Some books about compilers

Online Compilers course at Stanford University began last Monday. Although it should be self-containing I still prefer to have some books at hand, especially that I’ll be leaving for 10 days and I want to self-study material for the next week. On Monday I’ve paid a visit to my university’s library. Here’s a quick glimpse at some literature that I’ve found.

First of all, there’s the Dragon Book, officially known as “Compilers: Principles, Techniques, and Tools”, by Aho, Lam, Sethi, and Ullman. This is a classic originally published in 1986. There’s nothing to worry though – there was no revolution in the field of compiler construction, so what was true in 1986 is mostly still valid now. The book was re-released in 2006 with some updates about garbage collection and code-optimization (OK, I lied, there was some progress in a few aspects of compiler engineering). I have a Polish edition of the first edition. In fact I borrowed it long before the course had started hoping to read it on my own. The book is very detailed and extremely verbose (750 pages total) which is a bit discouraging to me. I’ve read only a couple of sections so I don’t have a clear opinion about it yet.

The second book recommended as a textbook for the Compilers course is “Engineering a compiler” by Cooper and Torczon. This one was more difficult to find. I just got it today and haven’t read it yet. With over 800 pages it’s longer than the Dragon Book. Skimming through the book I noticed that it seems to be detailed and precise and puts emphasis on practical aspects. Chapter about lexical analysis has a section about implementing a lexer. I’m looking forward to this one, since I still don’t have a clear vision on how to implement lexer efficiently. These are only the first impressions of course. I’ll verify them when I start reading (expect a follow-up on this one read a follow up on this one).

Third of the recommended books – “Modern compiler implementation in C/Java/ML” (there are three different editions of this book) by Appel – was also available in my library. I’ve already read the chapter about lexical analysis and I think that, contrary to the Dragon Book, it was a bit too concise. It covers the subject of Deterministic Finite Automata (DFA) and Non-deterministic Finite Automata (NFA), which luckily I am familiar with (more on that in a moment), so that wasn’t much of a problem. However if this was my first contact with DFAs and NFAs I would have some trouble understanding what it’s all about. I hope that the next chapters will be more detailed. I was very happy to see that this book has a chapters about functional languages and polymorphic types. The latter one covers the subject of the Hindley-Milner type inference algorithm in a form that seems to be accessible.

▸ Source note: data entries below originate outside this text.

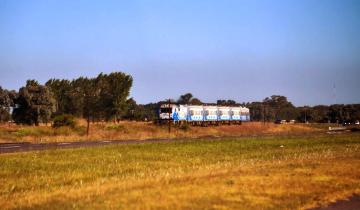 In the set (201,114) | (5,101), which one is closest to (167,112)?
(201,114)

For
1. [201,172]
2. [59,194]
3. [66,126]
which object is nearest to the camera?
[59,194]

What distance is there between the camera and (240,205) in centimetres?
1476

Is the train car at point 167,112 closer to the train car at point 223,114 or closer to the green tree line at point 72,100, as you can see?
the green tree line at point 72,100

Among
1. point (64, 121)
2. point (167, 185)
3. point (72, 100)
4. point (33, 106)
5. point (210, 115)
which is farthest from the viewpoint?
point (72, 100)

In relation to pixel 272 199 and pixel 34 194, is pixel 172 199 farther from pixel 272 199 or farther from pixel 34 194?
pixel 34 194

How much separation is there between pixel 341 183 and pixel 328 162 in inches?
267

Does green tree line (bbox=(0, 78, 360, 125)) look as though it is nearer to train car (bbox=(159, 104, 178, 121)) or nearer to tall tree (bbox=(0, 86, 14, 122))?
tall tree (bbox=(0, 86, 14, 122))

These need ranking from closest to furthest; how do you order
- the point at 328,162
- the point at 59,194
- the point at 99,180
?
1. the point at 59,194
2. the point at 99,180
3. the point at 328,162

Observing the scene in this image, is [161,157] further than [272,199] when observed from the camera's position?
Yes

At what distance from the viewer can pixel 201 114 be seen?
88000mm

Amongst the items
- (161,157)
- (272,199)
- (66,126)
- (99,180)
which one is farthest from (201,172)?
(66,126)

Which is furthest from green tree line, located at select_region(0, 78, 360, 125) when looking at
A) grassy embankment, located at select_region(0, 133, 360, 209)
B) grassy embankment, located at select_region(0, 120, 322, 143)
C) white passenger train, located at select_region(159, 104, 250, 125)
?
grassy embankment, located at select_region(0, 133, 360, 209)

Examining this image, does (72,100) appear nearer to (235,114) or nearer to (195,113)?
(195,113)

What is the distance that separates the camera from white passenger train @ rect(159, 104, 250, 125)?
78.9 metres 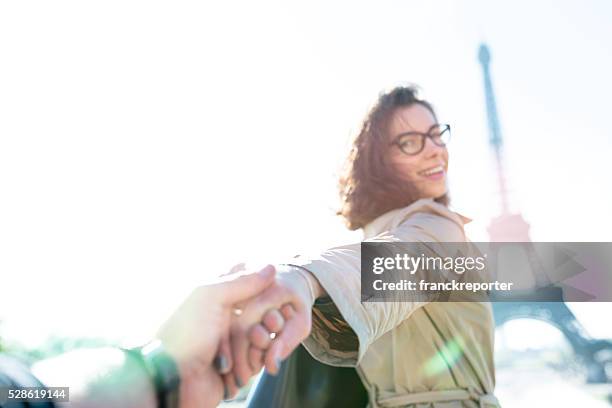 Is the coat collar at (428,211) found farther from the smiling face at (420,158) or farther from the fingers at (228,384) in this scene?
the fingers at (228,384)

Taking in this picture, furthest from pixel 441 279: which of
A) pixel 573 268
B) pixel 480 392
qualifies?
pixel 573 268

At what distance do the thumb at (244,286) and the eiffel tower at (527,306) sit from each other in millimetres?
14423

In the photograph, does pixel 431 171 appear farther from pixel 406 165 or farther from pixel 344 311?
pixel 344 311

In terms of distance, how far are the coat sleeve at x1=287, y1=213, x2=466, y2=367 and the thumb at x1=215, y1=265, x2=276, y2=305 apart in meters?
0.12

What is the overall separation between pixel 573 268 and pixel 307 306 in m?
2.57

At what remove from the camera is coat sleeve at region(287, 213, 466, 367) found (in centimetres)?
102

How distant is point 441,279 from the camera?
1285mm

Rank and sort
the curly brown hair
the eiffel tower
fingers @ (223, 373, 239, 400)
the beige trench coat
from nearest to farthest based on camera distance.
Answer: fingers @ (223, 373, 239, 400)
the beige trench coat
the curly brown hair
the eiffel tower

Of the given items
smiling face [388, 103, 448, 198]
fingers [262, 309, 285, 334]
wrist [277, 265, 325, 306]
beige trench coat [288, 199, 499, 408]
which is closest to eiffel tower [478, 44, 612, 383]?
smiling face [388, 103, 448, 198]

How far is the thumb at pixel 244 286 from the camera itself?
2.93ft

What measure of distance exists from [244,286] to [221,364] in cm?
13

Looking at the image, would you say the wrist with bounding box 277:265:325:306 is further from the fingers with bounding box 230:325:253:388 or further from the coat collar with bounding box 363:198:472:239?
the coat collar with bounding box 363:198:472:239

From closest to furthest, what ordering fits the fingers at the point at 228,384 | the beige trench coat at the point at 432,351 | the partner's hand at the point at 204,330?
1. the partner's hand at the point at 204,330
2. the fingers at the point at 228,384
3. the beige trench coat at the point at 432,351

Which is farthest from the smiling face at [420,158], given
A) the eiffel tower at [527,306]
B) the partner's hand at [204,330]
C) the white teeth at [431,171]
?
the eiffel tower at [527,306] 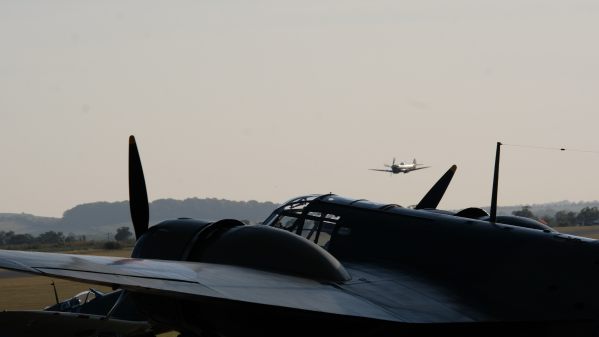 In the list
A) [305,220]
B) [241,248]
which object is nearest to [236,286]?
[241,248]

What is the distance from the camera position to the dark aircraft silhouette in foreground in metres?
11.9

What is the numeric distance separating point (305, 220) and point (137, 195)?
2.95 m

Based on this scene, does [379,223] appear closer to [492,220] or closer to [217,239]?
[492,220]

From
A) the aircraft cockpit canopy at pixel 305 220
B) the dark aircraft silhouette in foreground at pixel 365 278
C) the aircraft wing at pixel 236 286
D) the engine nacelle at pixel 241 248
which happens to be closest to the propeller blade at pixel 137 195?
the dark aircraft silhouette in foreground at pixel 365 278

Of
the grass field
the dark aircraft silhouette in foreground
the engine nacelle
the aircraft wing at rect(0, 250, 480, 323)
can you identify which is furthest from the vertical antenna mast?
the grass field

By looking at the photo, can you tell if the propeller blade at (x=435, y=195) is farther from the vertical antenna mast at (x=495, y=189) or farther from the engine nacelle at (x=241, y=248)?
the engine nacelle at (x=241, y=248)

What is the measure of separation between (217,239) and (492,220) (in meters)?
Result: 4.13

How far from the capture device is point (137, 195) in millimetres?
17188

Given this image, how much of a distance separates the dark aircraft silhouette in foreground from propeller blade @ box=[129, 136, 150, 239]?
155cm

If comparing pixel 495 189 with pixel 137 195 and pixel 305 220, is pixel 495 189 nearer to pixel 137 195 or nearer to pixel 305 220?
pixel 305 220

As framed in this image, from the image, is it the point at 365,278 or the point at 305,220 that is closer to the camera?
the point at 365,278

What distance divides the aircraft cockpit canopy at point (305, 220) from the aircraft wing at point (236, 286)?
2.62 m

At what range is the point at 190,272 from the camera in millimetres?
12438

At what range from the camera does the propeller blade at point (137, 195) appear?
1692 centimetres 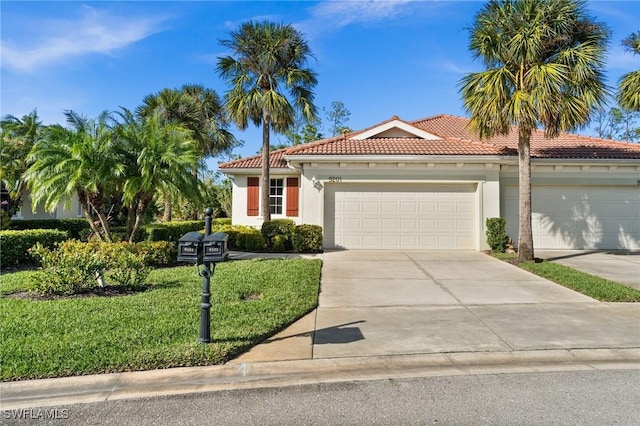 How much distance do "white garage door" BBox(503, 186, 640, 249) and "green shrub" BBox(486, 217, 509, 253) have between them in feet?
4.32

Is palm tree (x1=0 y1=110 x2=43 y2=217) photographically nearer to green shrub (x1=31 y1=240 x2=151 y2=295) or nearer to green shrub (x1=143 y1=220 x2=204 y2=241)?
green shrub (x1=143 y1=220 x2=204 y2=241)

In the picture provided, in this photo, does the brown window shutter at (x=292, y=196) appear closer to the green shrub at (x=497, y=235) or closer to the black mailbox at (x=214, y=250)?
the green shrub at (x=497, y=235)

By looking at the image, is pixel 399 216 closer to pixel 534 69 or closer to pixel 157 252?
pixel 534 69

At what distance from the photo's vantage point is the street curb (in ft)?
11.1

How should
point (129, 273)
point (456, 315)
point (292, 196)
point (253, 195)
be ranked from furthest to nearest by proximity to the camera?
point (253, 195), point (292, 196), point (129, 273), point (456, 315)

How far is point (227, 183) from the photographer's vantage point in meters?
30.7

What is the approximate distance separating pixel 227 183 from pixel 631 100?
2599 cm

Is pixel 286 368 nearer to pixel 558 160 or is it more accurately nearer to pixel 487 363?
pixel 487 363

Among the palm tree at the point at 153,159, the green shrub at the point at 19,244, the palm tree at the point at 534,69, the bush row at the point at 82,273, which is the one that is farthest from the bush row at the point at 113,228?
the palm tree at the point at 534,69

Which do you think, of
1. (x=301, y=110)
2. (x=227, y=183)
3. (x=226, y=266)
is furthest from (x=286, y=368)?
(x=227, y=183)

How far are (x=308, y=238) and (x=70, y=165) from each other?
6.81m

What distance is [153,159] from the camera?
30.1 feet

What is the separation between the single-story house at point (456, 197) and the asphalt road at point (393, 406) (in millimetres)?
9378

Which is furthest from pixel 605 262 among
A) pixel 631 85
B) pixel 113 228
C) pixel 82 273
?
pixel 113 228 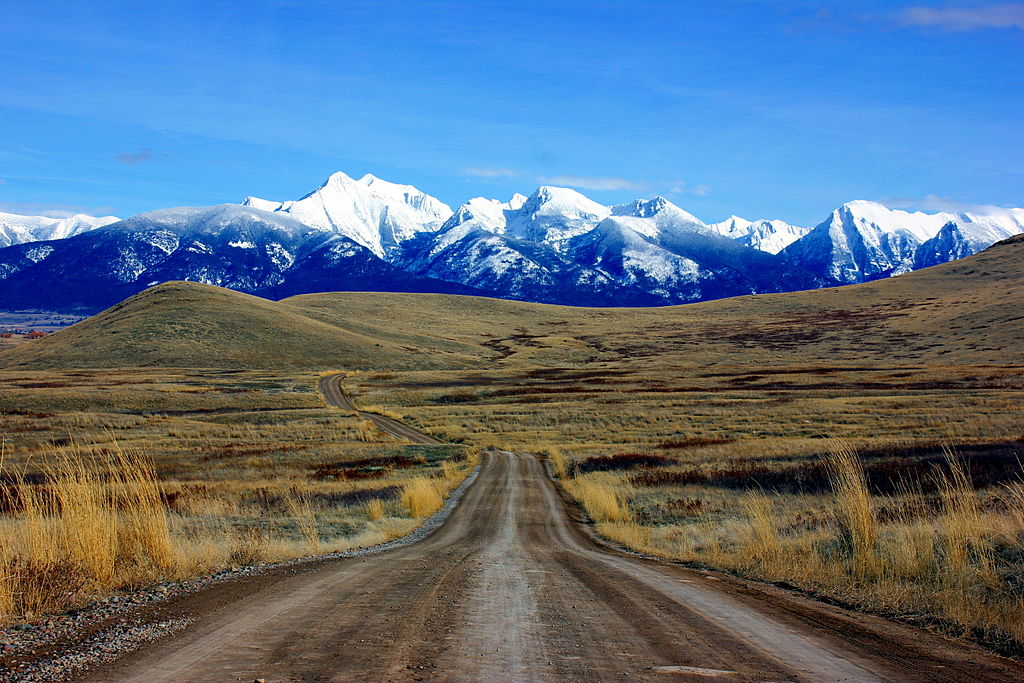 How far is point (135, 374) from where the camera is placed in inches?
4154

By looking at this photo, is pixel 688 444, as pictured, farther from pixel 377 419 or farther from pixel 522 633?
pixel 522 633

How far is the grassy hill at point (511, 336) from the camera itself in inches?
4985

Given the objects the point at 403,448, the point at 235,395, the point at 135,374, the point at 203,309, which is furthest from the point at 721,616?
the point at 203,309

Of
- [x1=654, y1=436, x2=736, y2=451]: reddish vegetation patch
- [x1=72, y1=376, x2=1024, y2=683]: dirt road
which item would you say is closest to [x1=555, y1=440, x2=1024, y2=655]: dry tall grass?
[x1=72, y1=376, x2=1024, y2=683]: dirt road

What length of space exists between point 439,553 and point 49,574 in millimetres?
7773

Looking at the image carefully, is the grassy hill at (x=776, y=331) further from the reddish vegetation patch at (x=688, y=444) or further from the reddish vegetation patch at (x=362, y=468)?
the reddish vegetation patch at (x=362, y=468)

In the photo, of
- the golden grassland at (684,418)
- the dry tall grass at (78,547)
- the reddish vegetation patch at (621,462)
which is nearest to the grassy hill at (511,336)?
the golden grassland at (684,418)

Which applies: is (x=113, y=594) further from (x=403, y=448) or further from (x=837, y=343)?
(x=837, y=343)

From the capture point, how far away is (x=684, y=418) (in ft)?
193

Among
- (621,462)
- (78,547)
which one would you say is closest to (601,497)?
(621,462)

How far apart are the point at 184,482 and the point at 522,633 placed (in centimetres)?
2891

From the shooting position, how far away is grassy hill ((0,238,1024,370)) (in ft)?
415

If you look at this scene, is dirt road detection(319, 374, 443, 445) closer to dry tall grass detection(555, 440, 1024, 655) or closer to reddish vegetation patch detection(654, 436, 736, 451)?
reddish vegetation patch detection(654, 436, 736, 451)

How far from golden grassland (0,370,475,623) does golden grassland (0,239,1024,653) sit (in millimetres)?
571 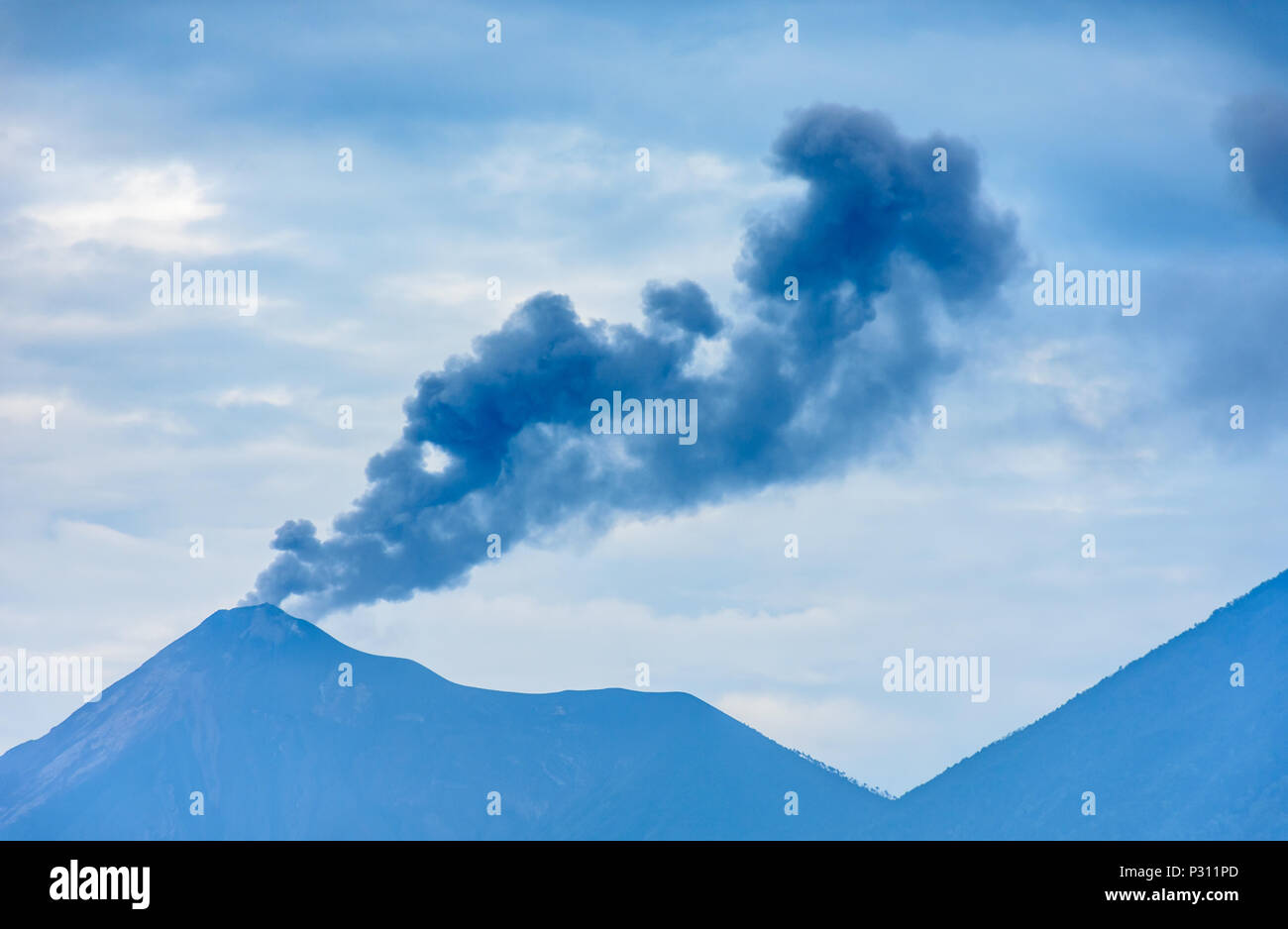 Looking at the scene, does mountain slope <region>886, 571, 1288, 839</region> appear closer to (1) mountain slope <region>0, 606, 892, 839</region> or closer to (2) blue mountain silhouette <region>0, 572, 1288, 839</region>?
(2) blue mountain silhouette <region>0, 572, 1288, 839</region>

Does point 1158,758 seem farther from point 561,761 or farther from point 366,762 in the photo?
point 366,762

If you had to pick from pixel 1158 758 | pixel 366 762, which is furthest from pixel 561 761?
pixel 1158 758

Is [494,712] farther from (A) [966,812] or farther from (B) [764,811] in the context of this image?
(A) [966,812]

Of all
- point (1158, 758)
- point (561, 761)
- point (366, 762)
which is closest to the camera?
point (1158, 758)

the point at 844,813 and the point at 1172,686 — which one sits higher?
the point at 1172,686

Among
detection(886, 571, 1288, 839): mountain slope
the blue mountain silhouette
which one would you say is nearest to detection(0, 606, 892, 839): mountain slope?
the blue mountain silhouette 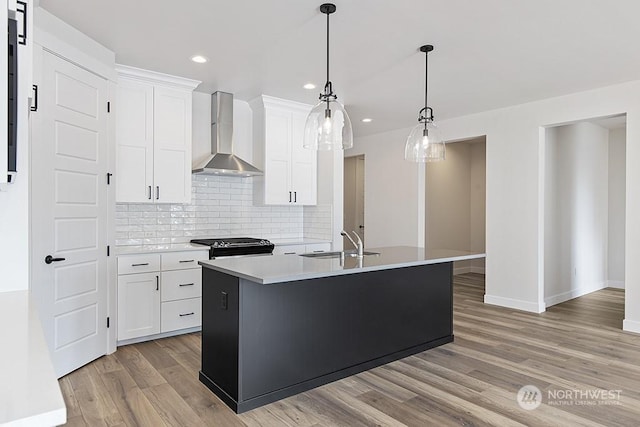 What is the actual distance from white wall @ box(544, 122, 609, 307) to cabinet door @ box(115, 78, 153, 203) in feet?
16.0

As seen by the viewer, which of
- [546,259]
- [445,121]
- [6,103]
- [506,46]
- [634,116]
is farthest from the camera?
[445,121]

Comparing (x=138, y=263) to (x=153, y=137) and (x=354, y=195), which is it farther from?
(x=354, y=195)

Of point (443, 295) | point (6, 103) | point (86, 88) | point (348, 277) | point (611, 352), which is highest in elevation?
point (86, 88)

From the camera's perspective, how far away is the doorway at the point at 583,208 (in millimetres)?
5586

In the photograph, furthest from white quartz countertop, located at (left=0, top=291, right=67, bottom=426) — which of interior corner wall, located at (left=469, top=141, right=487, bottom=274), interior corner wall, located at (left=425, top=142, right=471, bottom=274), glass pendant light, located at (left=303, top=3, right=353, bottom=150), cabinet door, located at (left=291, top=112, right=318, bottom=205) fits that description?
interior corner wall, located at (left=469, top=141, right=487, bottom=274)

Now, here’s a surprise! Just a few days ago I found about a book “The Implementation of Functional Programming Languages” by Simon Peyton Jones (see my previous post). To my greatest surprise it was in the library! I stumbled upon it by pure accident while I was searching the shelves for Appel’s book – I never would have thought that it’s available in the library of my university. Do I have to mention that I borrowed it right away? I’ve read the Introduction and some random parts of the first chapter about the lambda calculus. I must say that the book looks very accessible so I hope to find some time to read at least couple of chapters. What’s interesting about the book (or rather about functional languages) is the fact that Haskell didn’t exist when this book was written, yet much of the code in the book is almost Haskell (in fact it’s Miranda).

I’ve got one more book entitled “Compiler construction” by Waite and Goos. This one is old (1984) and, aside from universal knowledge about parsing, semantic analysis, error handling an so on, it seems to cover many aspects that are a bit outdated. I think I’ll just rely on previous books and skip reading this one.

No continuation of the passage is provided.